• _WORK TASK_: Down to the last line, transcribe the records verbatim and exclude the images.

• _PROVIDED DATA_:
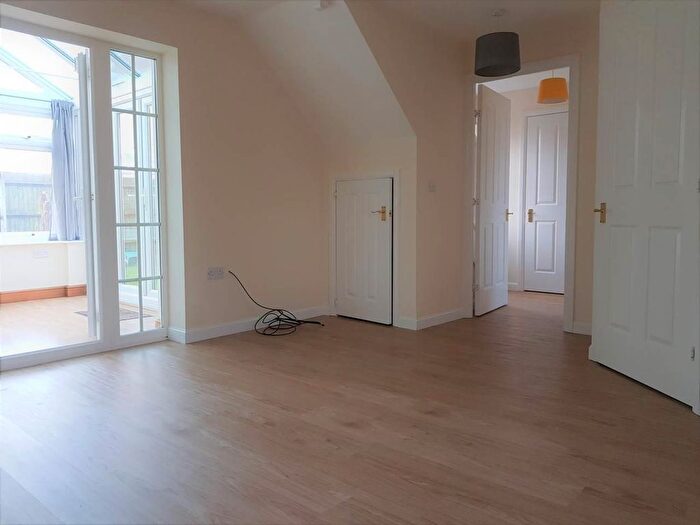 2 Bedroom Property To Rent In Lowndes Path, Aylesbury, HP19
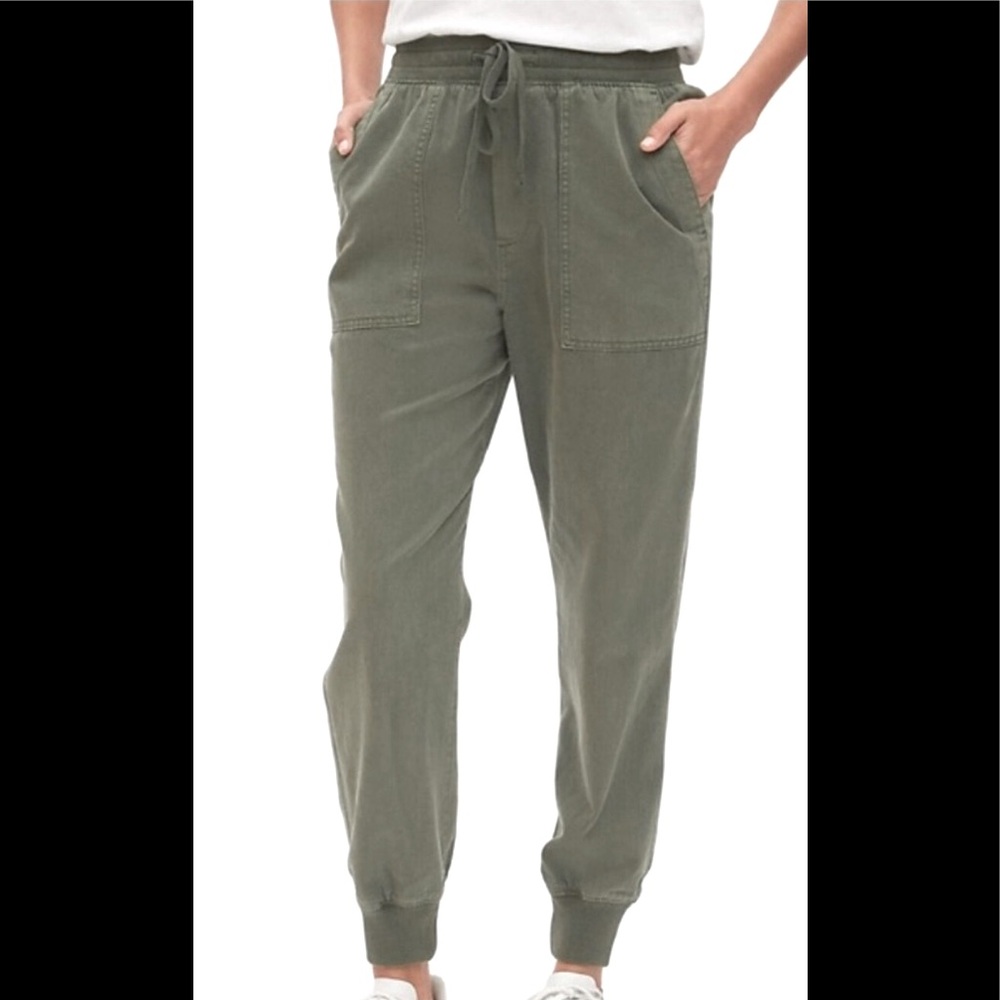 Gap Utility Joggers size Large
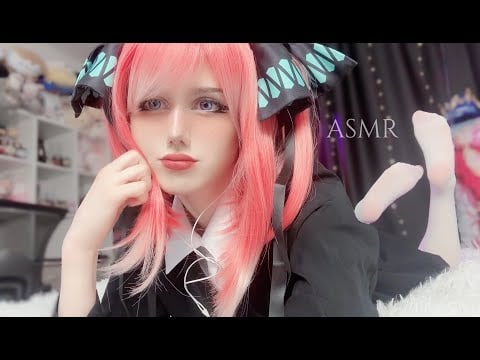 ♡ ASMR: Kisses With Nino Nakano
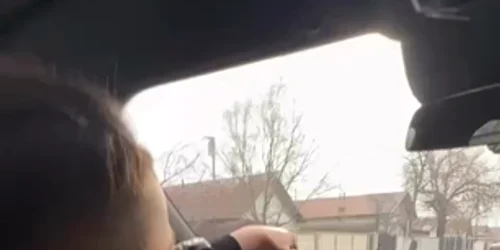 copil la volan mp4 thumbnail png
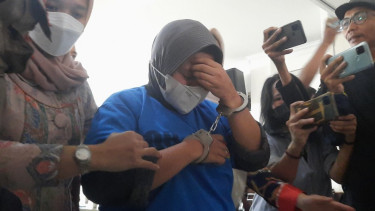SIti Aisyah pelaku penipuan modus pinjol dengan korban mahasiswa IPB.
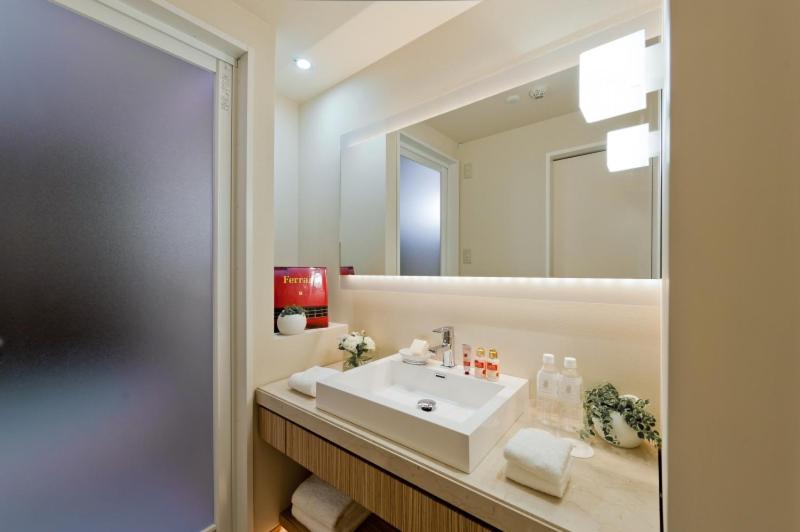 Double Room with Private Bathroom - Check in at 22:00 - Check out at 12:00 - Photo 12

• _TASK RESULT_:
 2 Bedroom Property To Rent In Lowndes Path, Aylesbury, HP19
 Gap Utility Joggers size Large
 ♡ ASMR: Kisses With Nino Nakano
 copil la volan mp4 thumbnail png
SIti Aisyah pelaku penipuan modus pinjol dengan korban mahasiswa IPB.
 Double Room with Private Bathroom - Check in at 22:00 - Check out at 12:00 - Photo 12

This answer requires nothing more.